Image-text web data
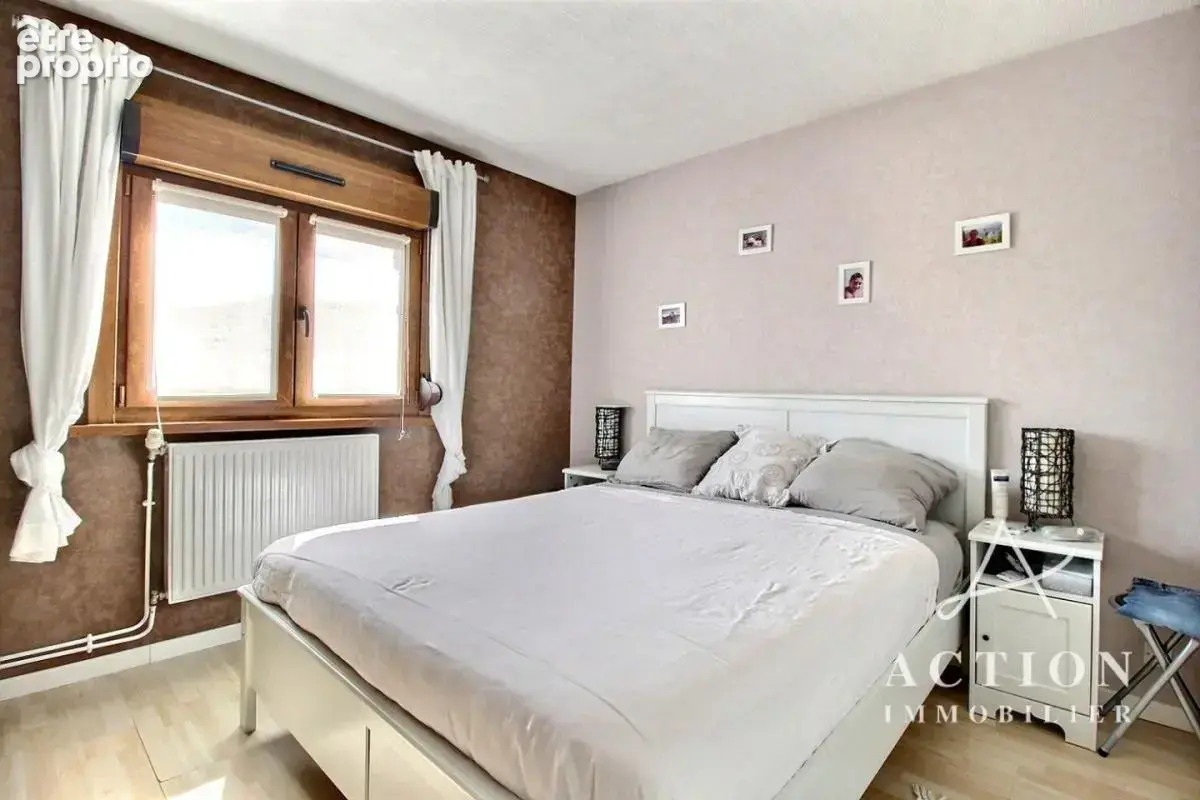 Maison semi individuelle en lotissement - 3 chambres - Garage et parking - Jardin - photo 5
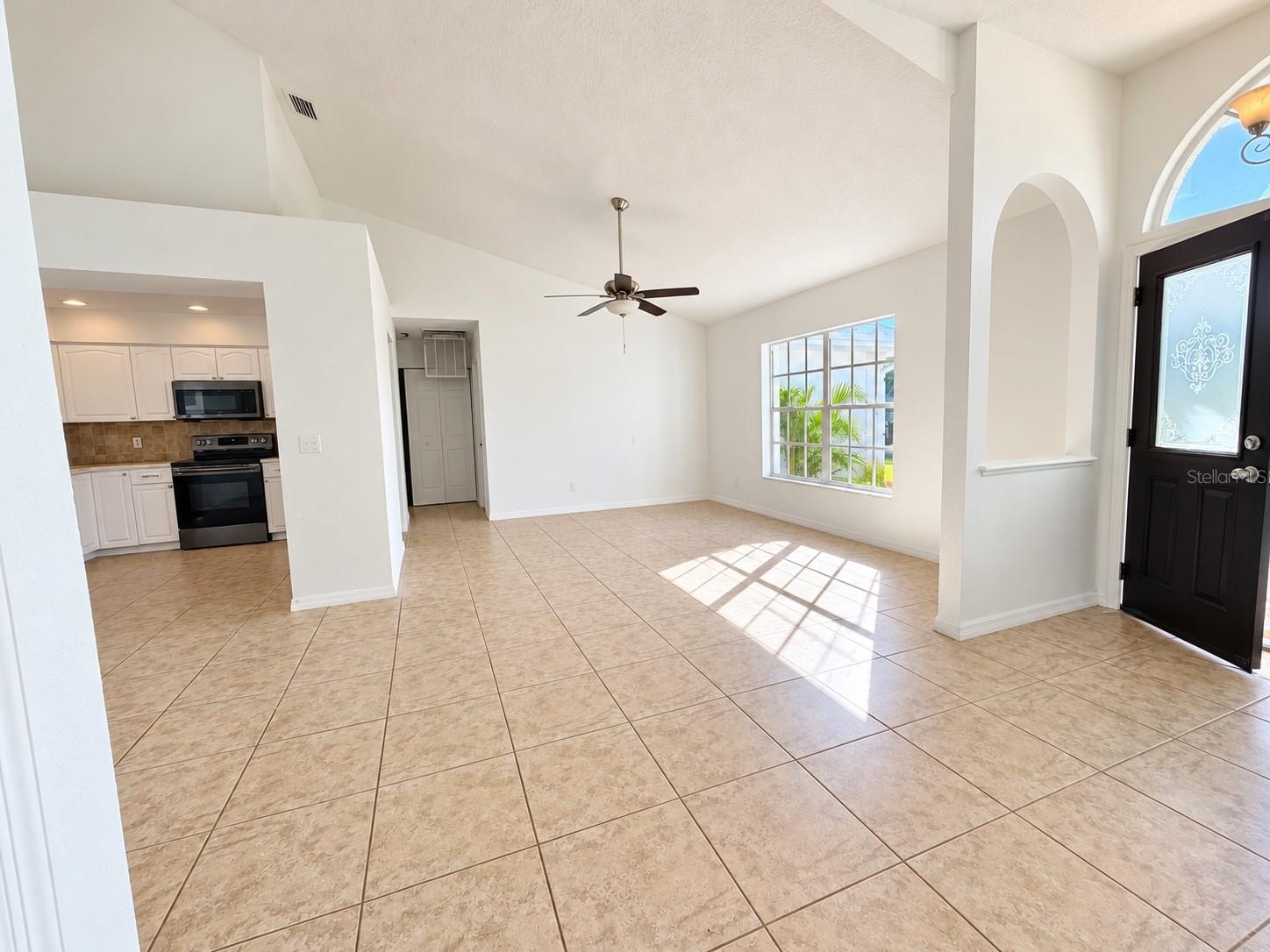 1092 S HARTSDALE STREET, NORTH PORT, FL, 34287 2 1092 S HARTSDALE STREET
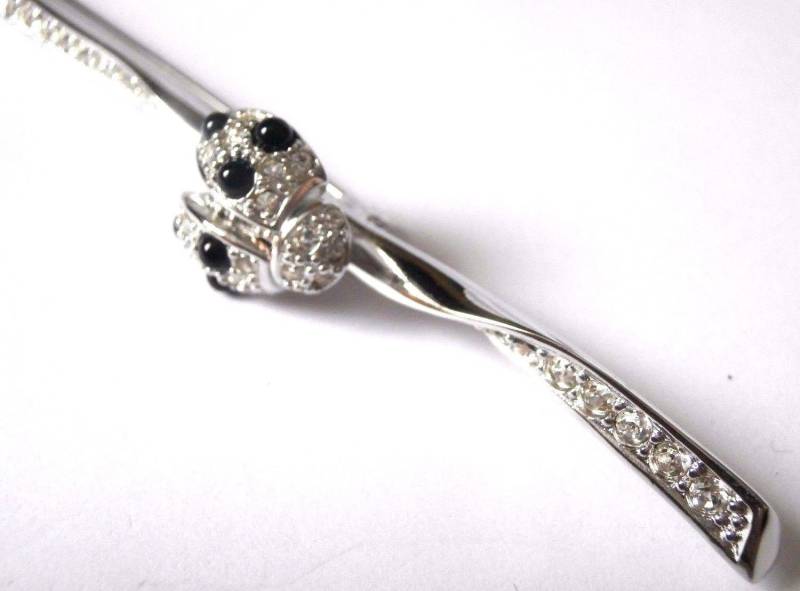 Christian Dior Signierte Pin Brosche Rhodium Plated Marienkäfer Auf Zweig Mit Kristallen Made in Usa von Dior4U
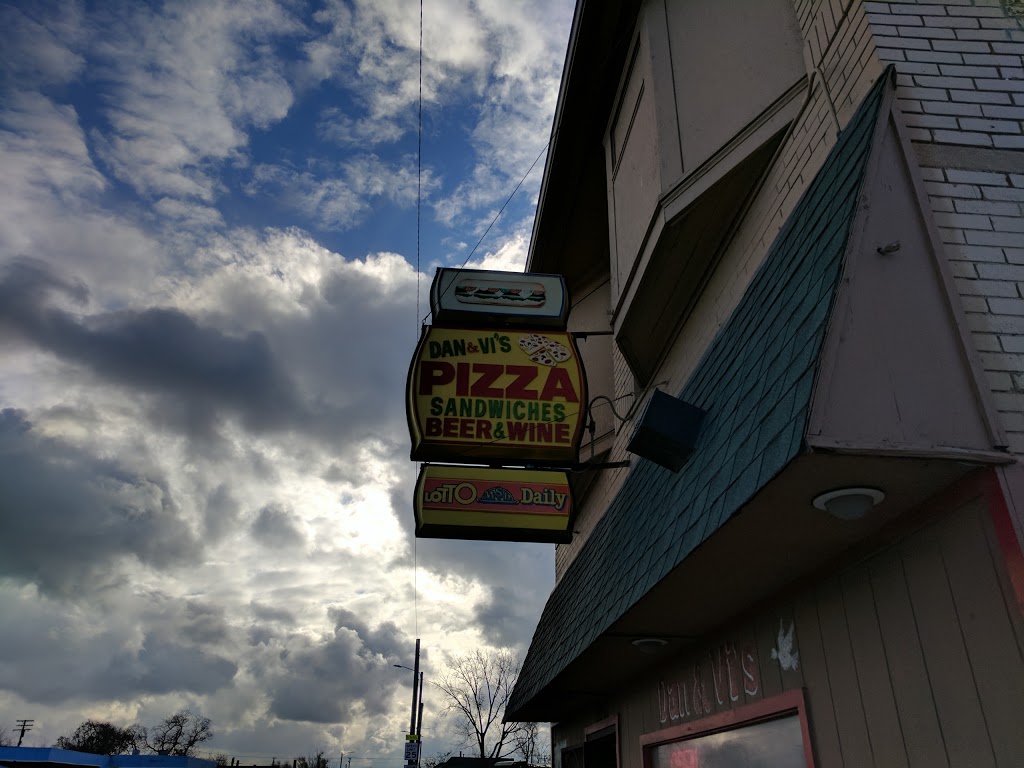 Dan & Vis Pizza | 5951 Chene, Detroit, MI 48211, USA | Phone: (313) 924-6077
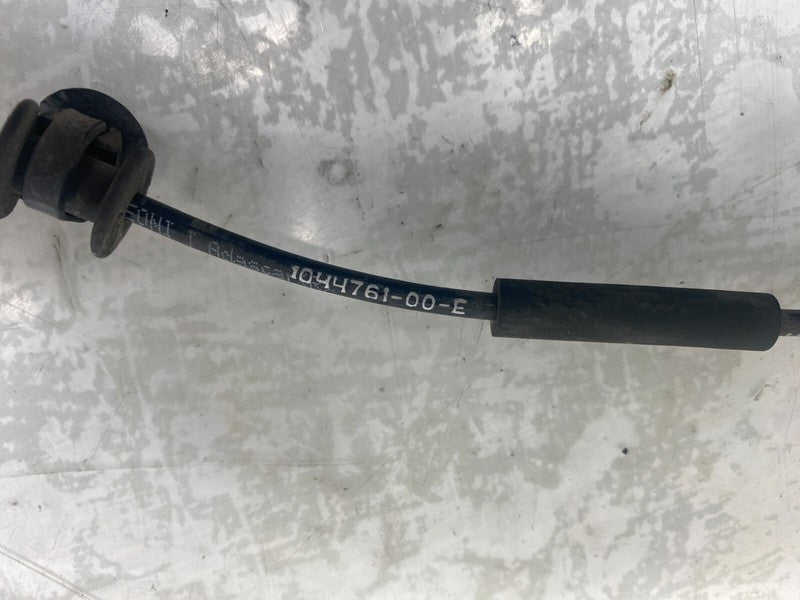 104476100E ⭕17-24 Model 3 Front Left or Right Anti-Lock ABS Wheel Speed Sensor 1044761-00-E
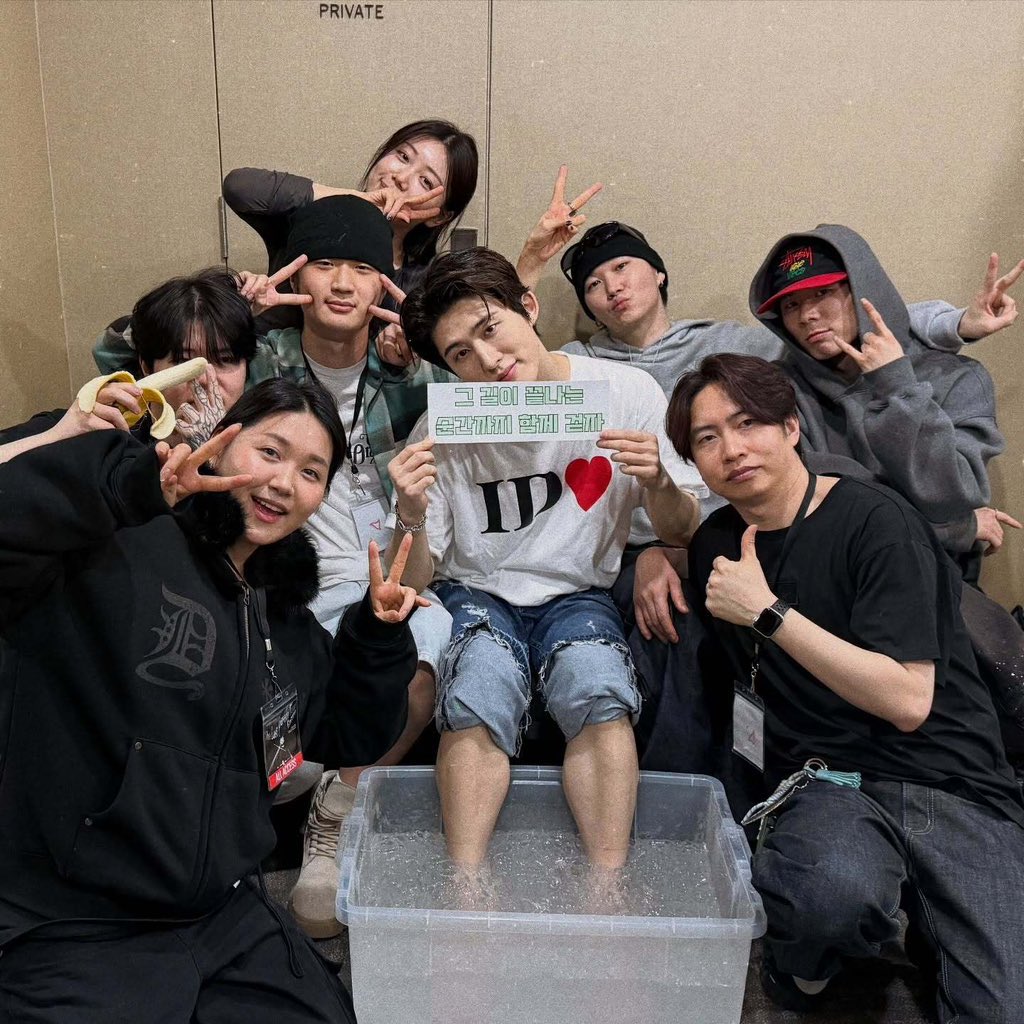 HanbinPH's tweet photo. 7dong_h.k IG Update

“5 years already.. I love you and thank you @.shxxbi131 @.131_online 🆔 
“The Last Parade Tour" Done!!!”

😭😭😭

 #비아이 #HANBIN #BI #ビーアイ https://t.co/WTPU2t9Yvo
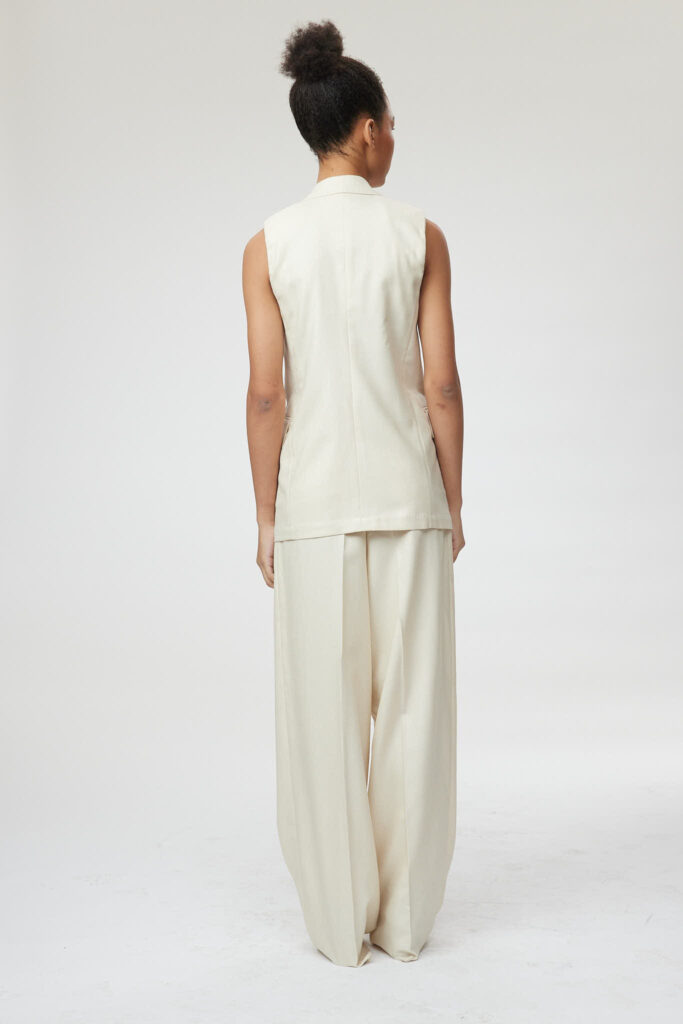 Naples Waistcoat – Loose fit sleeveless waistcoat in off white25039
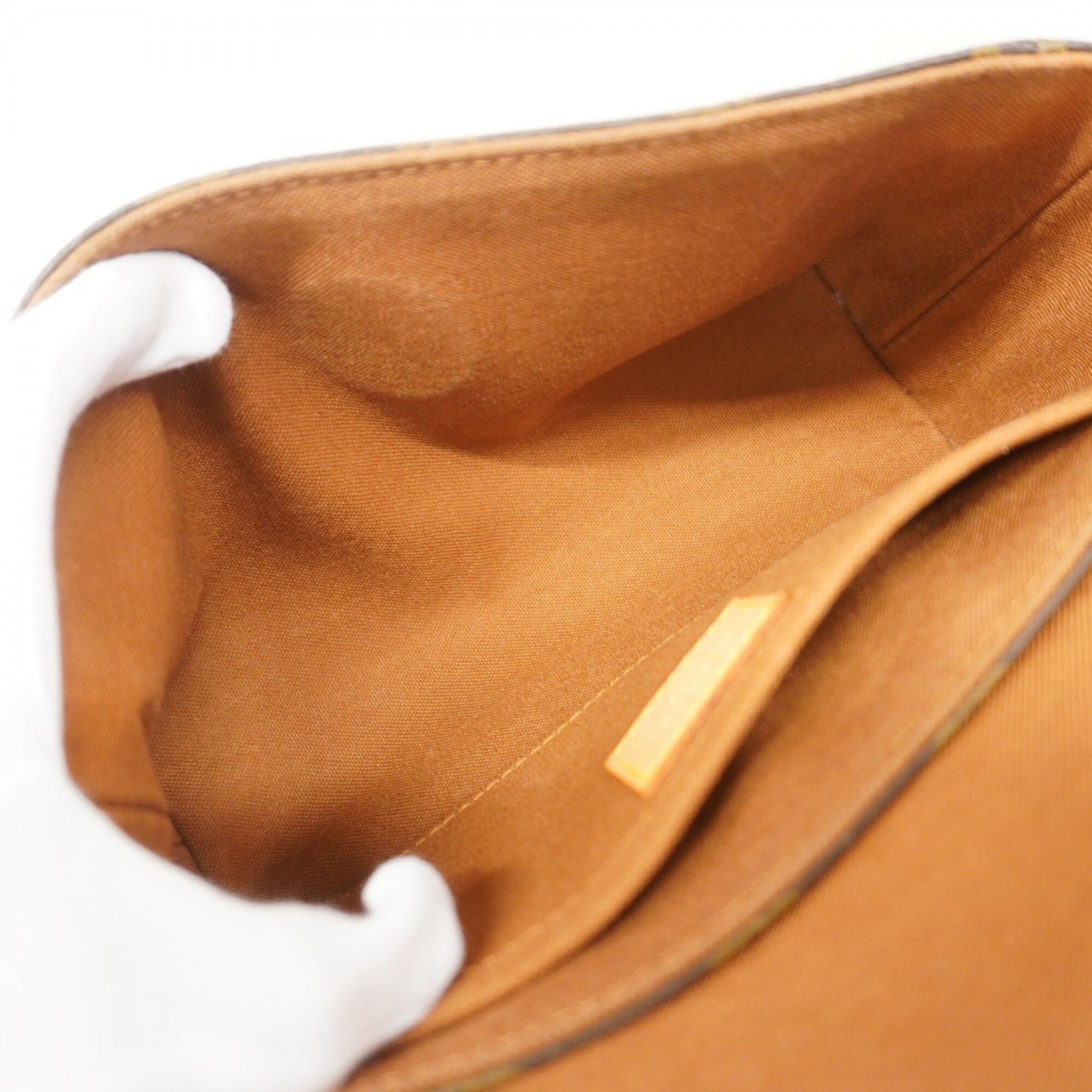 Louis Vuitton Brown Shoulder Bag (Pre-Owned)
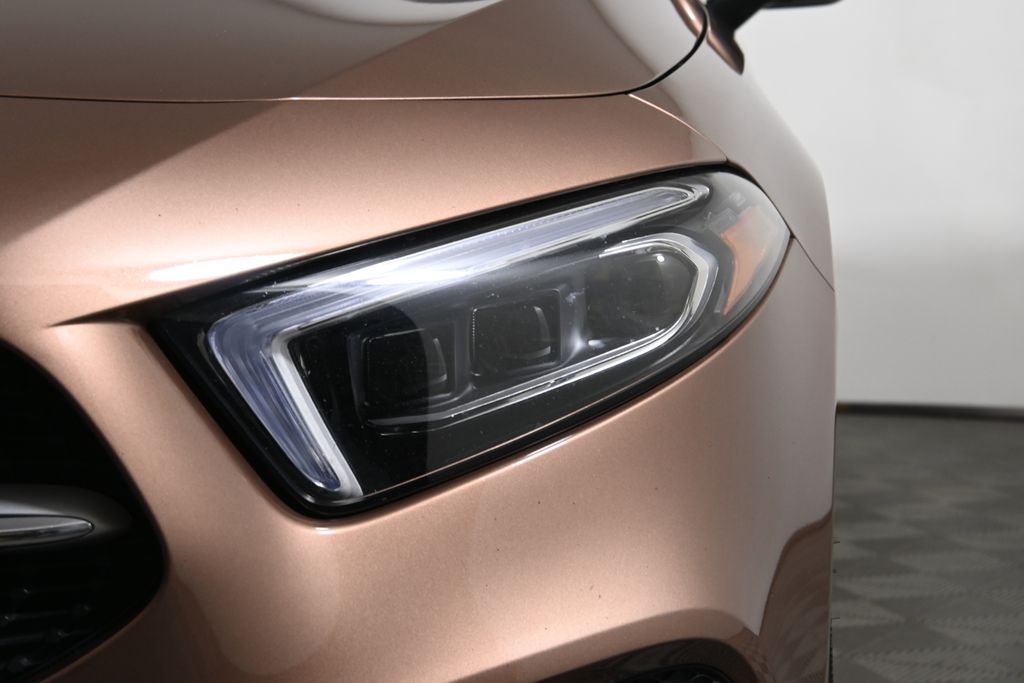 Thumbnail: 2022 Mercedes-Benz A-Class - 10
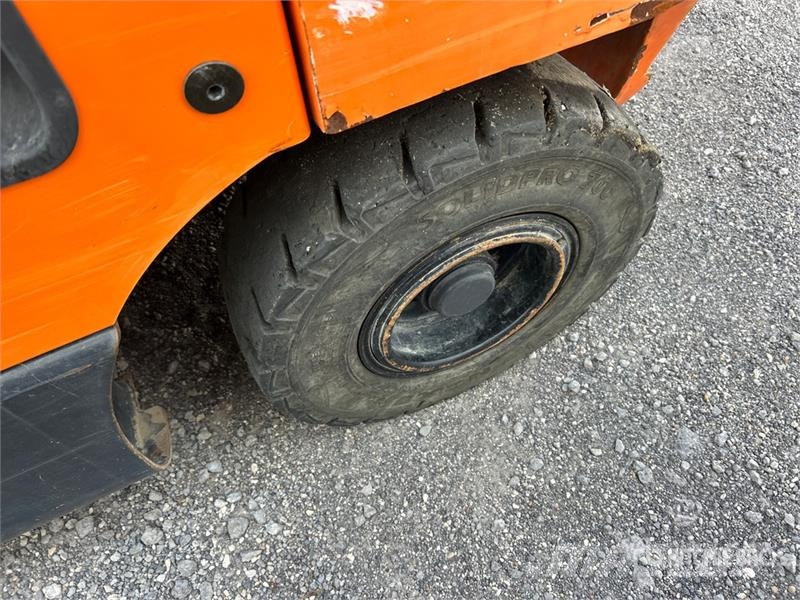 Doosan D30S7 Pneumatic Tire Forklift Gaffeltrucker - Annet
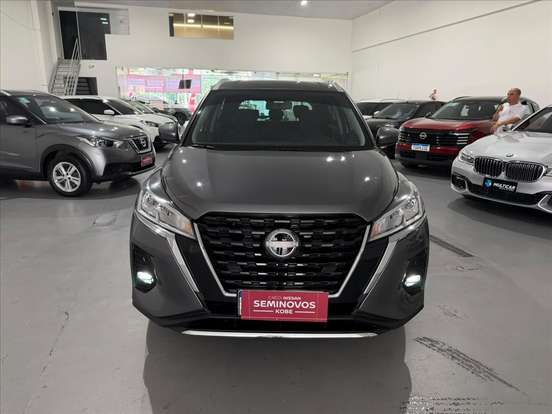 NISSAN-KICKS PLAY-2025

→ **TASK TO COMPLETE**: Pictures excluded, repeat the records exactly from their opening line through the line containing "Naples Waistcoat –".

→ **RESULT BELOW**:
 Maison semi individuelle en lotissement - 3 chambres - Garage et parking - Jardin - photo 5
 1092 S HARTSDALE STREET, NORTH PORT, FL, 34287 2 1092 S HARTSDALE STREET
 Christian Dior Signierte Pin Brosche Rhodium Plated Marienkäfer Auf Zweig Mit Kristallen Made in Usa von Dior4U
 Dan & Vis Pizza | 5951 Chene, Detroit, MI 48211, USA | Phone: (313) 924-6077
 104476100E ⭕17-24 Model 3 Front Left or Right Anti-Lock ABS Wheel Speed Sensor 1044761-00-E
 HanbinPH's tweet photo. 7dong_h.k IG Update

“5 years already.. I love you and thank you @.shxxbi131 @.131_online 🆔 
“The Last Parade Tour" Done!!!”

😭😭😭

 #비아이 #HANBIN #BI #ビーアイ https://t.co/WTPU2t9Yvo
 Naples Waistcoat – Loose fit sleeveless waistcoat in off white25039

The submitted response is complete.